- [TASK BRIEF]:
Among the entries below, take the line with "KYOCERA FS-C8020MFP - Sélectionner" and the line with "RIVAL ARMS Grip", and output them and every line between them exactly, with nothing else.

********************

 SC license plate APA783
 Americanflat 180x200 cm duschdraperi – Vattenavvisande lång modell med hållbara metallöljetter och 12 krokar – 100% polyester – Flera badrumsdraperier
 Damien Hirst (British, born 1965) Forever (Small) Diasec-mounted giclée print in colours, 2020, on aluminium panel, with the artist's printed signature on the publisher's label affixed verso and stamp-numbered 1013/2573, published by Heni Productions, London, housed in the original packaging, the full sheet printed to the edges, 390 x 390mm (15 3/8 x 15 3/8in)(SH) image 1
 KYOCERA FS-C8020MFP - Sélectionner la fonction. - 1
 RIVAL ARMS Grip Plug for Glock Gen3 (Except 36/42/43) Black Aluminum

********************

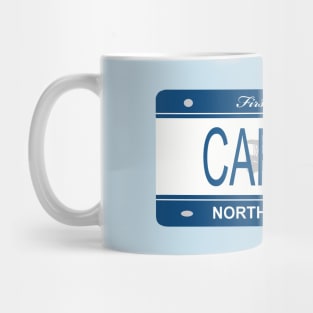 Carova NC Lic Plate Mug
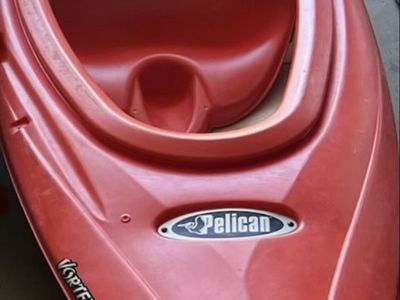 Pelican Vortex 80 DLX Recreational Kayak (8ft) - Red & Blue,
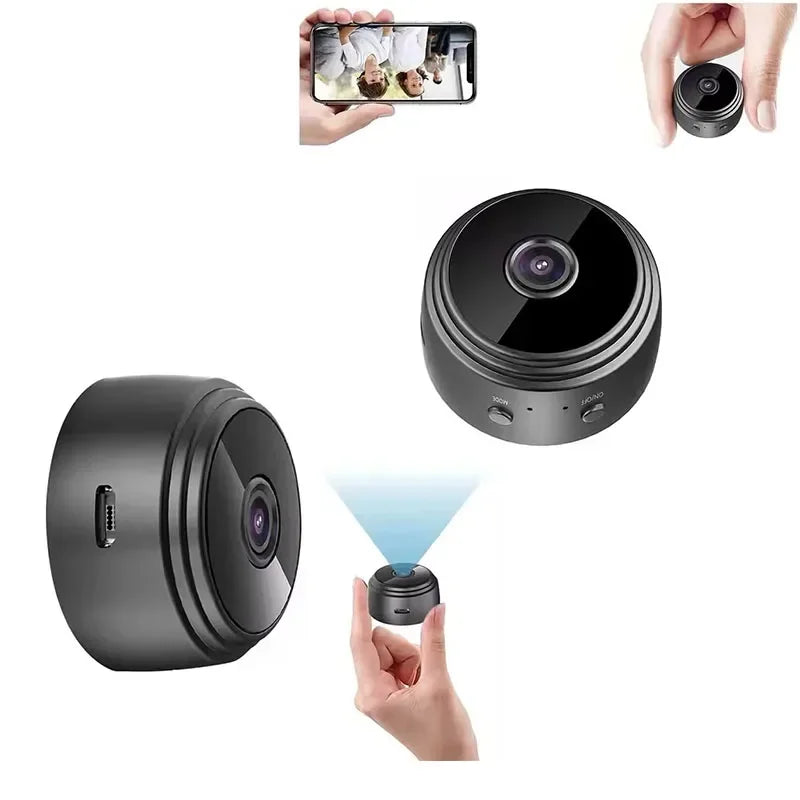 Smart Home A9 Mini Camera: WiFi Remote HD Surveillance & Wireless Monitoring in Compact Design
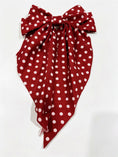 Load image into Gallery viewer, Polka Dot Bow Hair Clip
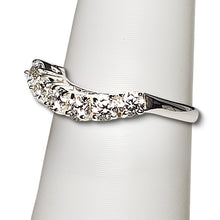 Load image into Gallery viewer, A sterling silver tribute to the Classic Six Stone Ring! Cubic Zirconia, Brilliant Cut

********************

- [WRITTEN ANSWER]:
 KYOCERA FS-C8020MFP - Sélectionner la fonction. - 1
 RIVAL ARMS Grip Plug for Glock Gen3 (Except 36/42/43) Black Aluminum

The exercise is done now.